I again thank colleagues who are here today, and those who have worked so hard in this sector to ensure that babies and their families have the very best outcomes. There is a lot of work still to do. I look forward to my engagement with the new Minister, the Under-Secretary of State for Health and Social Care, my hon. Friend the Member for Lewes (Maria Caulfield), who I know will share our passion and use her vast experience to advance these causes.
We approach this year’s Baby Loss Awareness Week with events being held around the country and reflection in our hearts. The annual wave of light gives those of us who have suffered a loss the opportunity to light a candle in memory of our babies at the same time. It is a powerful signal, with thousands of people sharing messages and photos of their candles, showing just how many families are suffering with their own grief. This issue matters to every single Member of Parliament; it affects us all.
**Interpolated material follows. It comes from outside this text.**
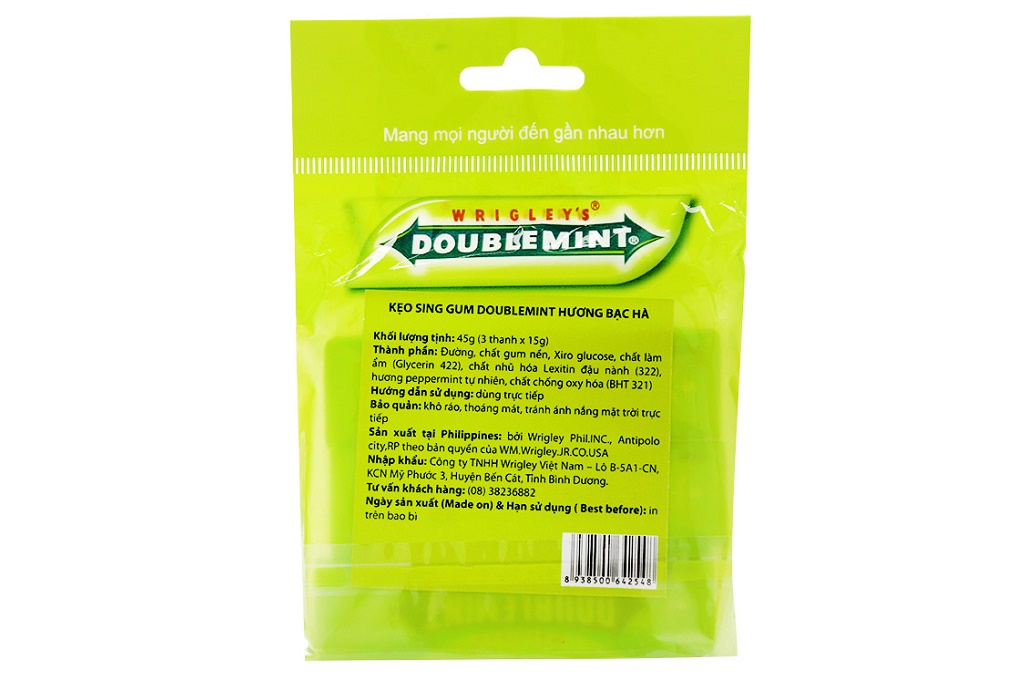 Kẹo Sing-Gum Doublemint hương Bạc Hà thanh 15g (gói 3 thanh)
Let us use this opportunity to speak openly about our children, and to ensure that fewer and fewer families have to suffer this experience in the future. I am proud to lead a debate in this place that shows Parliament and parliamentarians at their very best. This important issue rises above party divisions, and, as we have seen today, the compassion of Members towards one another shines through.
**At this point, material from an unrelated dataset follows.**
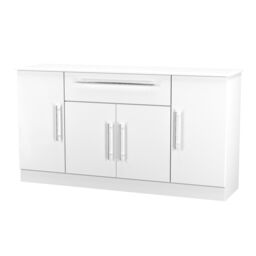Ready Assembled 2 U Carlton 4 Door 1 Drawer Wide Unit (Ready Assembled) in White - thumbnail 4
I thank all right hon. and hon. Members who have spoken today for the support that we have given to one other and for the timely interventions. I will not go through all the speeches because I have only a short time to sum up, but I would like to extend my gratitude to my hon. Friend the Member for Cities of London and Westminster (Nickie Aiken) and accept her invitation to meet the team at St Mary’s Hospital in Paddington. I give special thanks to my right hon. Friend the Member for South West Surrey (Jeremy Hunt) for his candid testimony, which is both personal and full of bags of experience. I could not be more grateful for being able to co-chair the all-party group with him. With our new Minister on the Front Bench, this all-party group can continue to do great things and I very much hope we will be able to do so.
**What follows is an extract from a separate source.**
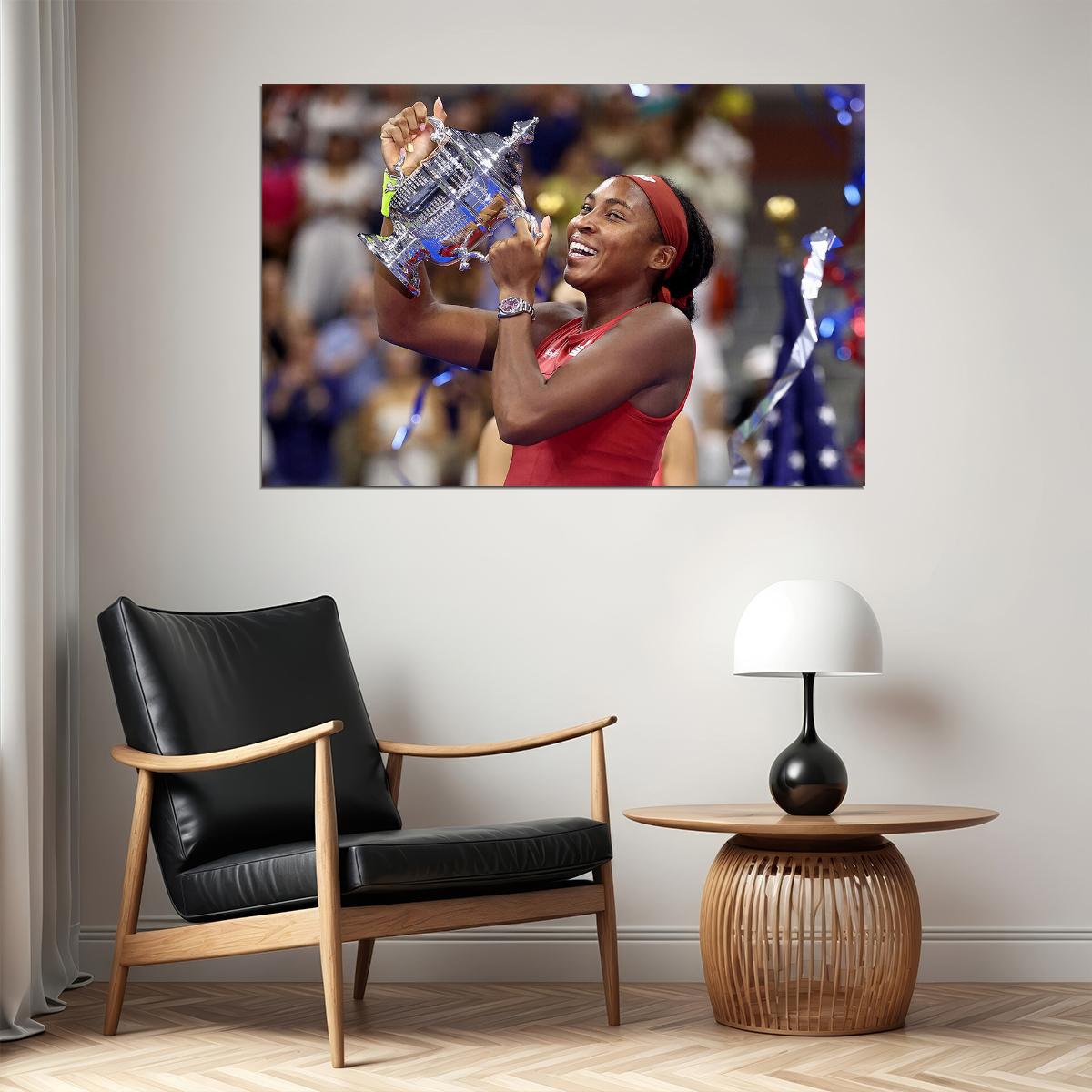Coco Gauff Us Open Champion American Tennis Player Poster Wall Art Print Home Wall Decor - xonomax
I also pay tribute to the hon. Member for North Ayrshire and Arran (Patricia Gibson), who religiously attends the all-party group and carries baby Kenneth in her heart. She spoke powerfully about the isolation of grief, and I can completely relate to that. I hope that events such as today’s debate bust that stigma and that people start talking to each other. Year after year, this is the toughest debate in Parliament to participate in, but it is oh so very important.
Pregnancy and baby loss has often been seen as a women’s issue, and it is a very powerful women’s issue—we have heard about the mental health side of things and we need to not let women down on that. More than that, however, it is a family issue and a community issue. We need to be looking out for each other and to make sure that families are looking out for each other, and that we all talk about these things. You name the children, you talk about that baby; it is not something that should be shied away from because we do not know what to say. Anything we say will be the right thing to say simply because we are talking about it.
I conclude by thanking all colleagues once again for their powerful testimony, and I look forward to continuing the very important work of the all-party group.